Up to and including the line that contains "PACKOUT 22 in.", return every line from the start of the data, unchanged.

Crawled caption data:
------------------------------------------------------------

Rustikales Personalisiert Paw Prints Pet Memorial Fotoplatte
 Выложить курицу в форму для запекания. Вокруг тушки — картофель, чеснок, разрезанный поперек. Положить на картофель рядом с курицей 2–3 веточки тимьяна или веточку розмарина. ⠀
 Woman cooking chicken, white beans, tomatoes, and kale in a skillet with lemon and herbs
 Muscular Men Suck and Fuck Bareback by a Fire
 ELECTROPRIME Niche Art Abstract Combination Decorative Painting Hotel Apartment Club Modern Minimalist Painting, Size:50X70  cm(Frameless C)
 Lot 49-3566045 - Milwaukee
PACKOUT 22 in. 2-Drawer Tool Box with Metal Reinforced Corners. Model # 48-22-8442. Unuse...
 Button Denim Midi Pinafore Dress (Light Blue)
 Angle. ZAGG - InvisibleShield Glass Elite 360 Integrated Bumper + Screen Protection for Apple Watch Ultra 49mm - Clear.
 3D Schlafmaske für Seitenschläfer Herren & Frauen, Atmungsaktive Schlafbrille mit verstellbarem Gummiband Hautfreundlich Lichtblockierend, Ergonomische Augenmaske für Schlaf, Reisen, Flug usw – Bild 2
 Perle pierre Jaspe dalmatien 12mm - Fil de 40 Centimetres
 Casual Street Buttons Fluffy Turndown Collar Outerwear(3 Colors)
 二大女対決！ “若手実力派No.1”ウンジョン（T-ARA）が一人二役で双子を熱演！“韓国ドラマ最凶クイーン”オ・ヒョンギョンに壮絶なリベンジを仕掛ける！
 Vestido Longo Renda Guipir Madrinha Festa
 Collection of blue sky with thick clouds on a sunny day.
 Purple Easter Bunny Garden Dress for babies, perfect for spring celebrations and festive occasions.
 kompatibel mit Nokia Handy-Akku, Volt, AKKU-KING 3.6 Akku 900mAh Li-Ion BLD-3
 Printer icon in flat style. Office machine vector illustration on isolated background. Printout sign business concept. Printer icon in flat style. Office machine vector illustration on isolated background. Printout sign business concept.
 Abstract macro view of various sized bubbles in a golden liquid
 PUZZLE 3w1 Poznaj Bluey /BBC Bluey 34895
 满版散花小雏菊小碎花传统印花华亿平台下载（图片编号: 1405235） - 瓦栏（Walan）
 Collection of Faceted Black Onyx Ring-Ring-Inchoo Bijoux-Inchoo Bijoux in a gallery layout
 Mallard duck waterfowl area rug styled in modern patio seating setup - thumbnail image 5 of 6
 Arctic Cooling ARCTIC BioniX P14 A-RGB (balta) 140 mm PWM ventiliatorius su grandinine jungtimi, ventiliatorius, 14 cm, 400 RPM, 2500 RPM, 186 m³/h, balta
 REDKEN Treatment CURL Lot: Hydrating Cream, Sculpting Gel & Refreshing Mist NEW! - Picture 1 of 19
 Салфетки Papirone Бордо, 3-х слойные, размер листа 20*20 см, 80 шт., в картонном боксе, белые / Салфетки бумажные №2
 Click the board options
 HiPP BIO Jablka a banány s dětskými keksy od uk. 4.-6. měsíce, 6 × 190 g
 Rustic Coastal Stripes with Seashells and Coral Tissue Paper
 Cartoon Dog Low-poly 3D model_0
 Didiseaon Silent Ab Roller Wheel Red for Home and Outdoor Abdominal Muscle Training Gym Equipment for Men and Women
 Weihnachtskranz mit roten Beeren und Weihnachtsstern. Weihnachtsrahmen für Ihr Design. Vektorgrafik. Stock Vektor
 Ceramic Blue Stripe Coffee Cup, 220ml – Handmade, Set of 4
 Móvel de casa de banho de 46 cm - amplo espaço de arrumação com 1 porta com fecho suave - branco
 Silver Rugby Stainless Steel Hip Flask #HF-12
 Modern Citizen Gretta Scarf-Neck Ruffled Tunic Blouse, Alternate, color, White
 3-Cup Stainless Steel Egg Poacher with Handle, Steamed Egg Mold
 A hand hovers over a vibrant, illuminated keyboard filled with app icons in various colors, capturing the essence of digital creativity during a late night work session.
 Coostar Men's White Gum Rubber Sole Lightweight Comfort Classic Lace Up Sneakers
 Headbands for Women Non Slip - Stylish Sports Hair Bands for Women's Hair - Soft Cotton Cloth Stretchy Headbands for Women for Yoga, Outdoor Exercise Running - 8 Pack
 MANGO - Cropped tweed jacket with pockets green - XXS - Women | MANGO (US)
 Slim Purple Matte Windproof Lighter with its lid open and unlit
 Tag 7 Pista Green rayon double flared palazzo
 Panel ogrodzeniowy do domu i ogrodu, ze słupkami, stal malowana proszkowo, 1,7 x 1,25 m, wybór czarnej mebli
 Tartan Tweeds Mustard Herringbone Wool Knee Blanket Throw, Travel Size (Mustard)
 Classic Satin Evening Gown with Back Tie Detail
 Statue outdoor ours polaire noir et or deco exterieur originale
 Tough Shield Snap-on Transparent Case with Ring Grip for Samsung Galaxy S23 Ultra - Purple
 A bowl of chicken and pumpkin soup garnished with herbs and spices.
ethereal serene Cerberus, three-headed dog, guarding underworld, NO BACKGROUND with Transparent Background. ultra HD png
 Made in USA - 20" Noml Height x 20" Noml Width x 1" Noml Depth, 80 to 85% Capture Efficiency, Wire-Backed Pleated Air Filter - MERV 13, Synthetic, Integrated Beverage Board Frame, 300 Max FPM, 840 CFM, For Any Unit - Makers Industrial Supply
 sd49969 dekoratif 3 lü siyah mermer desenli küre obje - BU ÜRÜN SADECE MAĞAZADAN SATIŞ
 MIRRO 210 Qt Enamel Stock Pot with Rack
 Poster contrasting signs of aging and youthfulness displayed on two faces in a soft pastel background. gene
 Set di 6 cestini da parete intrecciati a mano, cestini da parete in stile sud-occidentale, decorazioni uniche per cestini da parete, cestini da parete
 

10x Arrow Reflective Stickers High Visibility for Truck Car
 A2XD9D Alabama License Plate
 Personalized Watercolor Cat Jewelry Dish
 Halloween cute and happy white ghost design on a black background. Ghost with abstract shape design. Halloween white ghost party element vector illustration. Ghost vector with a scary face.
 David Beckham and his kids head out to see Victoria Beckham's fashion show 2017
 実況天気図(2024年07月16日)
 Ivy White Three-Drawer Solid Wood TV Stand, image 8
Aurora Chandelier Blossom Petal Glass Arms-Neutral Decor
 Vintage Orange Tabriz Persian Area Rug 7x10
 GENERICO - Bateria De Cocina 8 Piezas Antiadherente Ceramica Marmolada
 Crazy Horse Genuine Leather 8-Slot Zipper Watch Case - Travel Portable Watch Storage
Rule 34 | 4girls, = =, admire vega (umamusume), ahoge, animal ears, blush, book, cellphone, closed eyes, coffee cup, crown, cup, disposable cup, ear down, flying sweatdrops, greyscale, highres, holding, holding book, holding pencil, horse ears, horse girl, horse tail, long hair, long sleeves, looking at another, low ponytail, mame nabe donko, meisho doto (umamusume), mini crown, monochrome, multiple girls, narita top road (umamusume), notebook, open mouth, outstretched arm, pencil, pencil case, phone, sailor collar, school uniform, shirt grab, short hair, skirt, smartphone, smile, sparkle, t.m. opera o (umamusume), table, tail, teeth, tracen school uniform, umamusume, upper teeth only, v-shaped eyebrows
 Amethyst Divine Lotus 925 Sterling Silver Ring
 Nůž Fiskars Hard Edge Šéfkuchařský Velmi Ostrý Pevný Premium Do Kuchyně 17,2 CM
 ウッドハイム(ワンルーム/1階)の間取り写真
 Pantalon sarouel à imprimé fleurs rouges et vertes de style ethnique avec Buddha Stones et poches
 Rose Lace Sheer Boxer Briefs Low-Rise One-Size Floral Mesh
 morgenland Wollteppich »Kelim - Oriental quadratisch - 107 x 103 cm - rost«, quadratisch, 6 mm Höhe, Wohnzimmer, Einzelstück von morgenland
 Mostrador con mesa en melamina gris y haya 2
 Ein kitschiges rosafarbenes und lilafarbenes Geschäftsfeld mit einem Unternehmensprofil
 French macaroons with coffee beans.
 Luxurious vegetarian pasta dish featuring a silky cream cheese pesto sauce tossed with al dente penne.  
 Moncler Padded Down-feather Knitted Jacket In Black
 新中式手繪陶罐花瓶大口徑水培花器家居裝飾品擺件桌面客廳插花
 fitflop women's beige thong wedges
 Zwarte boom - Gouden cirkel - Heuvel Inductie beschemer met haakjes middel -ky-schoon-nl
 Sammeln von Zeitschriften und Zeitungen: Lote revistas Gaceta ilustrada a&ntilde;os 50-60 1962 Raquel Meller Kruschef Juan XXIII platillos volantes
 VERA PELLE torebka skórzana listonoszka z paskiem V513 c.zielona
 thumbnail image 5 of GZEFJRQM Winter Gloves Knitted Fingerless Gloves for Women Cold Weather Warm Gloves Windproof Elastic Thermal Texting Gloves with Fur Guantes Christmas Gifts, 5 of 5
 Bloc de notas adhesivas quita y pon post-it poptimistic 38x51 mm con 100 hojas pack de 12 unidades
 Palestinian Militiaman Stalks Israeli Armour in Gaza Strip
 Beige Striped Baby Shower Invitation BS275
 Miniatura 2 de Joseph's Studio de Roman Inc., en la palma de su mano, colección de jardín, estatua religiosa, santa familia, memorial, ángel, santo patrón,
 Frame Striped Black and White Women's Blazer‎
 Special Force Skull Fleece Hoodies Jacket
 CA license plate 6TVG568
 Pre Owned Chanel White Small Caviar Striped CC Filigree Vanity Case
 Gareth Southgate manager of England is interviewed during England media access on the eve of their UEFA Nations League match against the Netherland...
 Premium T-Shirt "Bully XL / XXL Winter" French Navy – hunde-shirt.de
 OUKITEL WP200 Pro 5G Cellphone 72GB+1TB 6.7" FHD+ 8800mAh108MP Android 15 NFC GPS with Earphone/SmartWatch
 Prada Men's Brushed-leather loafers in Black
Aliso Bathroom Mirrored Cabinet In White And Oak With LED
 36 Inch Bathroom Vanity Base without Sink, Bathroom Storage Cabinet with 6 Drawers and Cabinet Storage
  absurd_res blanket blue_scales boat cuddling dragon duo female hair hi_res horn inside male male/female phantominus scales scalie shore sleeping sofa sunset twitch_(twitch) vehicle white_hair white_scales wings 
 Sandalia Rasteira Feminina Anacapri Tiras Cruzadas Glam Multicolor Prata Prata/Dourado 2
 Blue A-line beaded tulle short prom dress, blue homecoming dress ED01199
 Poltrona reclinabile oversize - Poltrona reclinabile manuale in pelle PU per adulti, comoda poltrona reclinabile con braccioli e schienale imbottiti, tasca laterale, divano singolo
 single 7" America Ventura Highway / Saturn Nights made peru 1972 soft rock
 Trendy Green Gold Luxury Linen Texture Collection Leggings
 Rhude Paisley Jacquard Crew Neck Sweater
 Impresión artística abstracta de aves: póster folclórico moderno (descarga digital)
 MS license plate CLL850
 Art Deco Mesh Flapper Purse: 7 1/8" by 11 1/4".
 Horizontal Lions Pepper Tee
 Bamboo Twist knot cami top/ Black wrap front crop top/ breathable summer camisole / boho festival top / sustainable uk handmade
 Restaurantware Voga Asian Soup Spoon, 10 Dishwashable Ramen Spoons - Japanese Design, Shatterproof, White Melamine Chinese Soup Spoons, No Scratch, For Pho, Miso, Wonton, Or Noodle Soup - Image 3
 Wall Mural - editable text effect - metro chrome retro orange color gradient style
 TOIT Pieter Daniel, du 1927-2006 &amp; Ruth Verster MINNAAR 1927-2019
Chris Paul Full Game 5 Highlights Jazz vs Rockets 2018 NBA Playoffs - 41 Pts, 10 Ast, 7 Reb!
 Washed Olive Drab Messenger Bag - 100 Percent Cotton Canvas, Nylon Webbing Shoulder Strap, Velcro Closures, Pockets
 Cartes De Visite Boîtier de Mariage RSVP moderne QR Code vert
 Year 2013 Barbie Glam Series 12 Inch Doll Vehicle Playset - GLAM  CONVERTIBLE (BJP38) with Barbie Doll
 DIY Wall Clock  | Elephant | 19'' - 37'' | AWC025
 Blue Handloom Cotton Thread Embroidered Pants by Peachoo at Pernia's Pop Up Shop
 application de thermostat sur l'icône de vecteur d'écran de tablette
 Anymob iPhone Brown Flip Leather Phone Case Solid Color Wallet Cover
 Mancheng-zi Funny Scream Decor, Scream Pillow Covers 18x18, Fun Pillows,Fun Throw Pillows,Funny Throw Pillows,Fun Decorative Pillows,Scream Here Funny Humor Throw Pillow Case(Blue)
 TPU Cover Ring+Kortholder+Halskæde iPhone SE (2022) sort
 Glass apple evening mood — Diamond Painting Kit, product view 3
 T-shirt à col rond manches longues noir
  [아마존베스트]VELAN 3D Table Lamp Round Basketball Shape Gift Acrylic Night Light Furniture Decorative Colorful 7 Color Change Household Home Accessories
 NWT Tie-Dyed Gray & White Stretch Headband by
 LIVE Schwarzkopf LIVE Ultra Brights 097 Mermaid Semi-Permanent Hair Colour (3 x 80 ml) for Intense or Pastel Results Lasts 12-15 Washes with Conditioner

------------------------------------------------------------

Answer section:
Rustikales Personalisiert Paw Prints Pet Memorial Fotoplatte
 Выложить курицу в форму для запекания. Вокруг тушки — картофель, чеснок, разрезанный поперек. Положить на картофель рядом с курицей 2–3 веточки тимьяна или веточку розмарина. ⠀
 Woman cooking chicken, white beans, tomatoes, and kale in a skillet with lemon and herbs
 Muscular Men Suck and Fuck Bareback by a Fire
 ELECTROPRIME Niche Art Abstract Combination Decorative Painting Hotel Apartment Club Modern Minimalist Painting, Size:50X70  cm(Frameless C)
 Lot 49-3566045 - Milwaukee
PACKOUT 22 in. 2-Drawer Tool Box with Metal Reinforced Corners. Model # 48-22-8442. Unuse...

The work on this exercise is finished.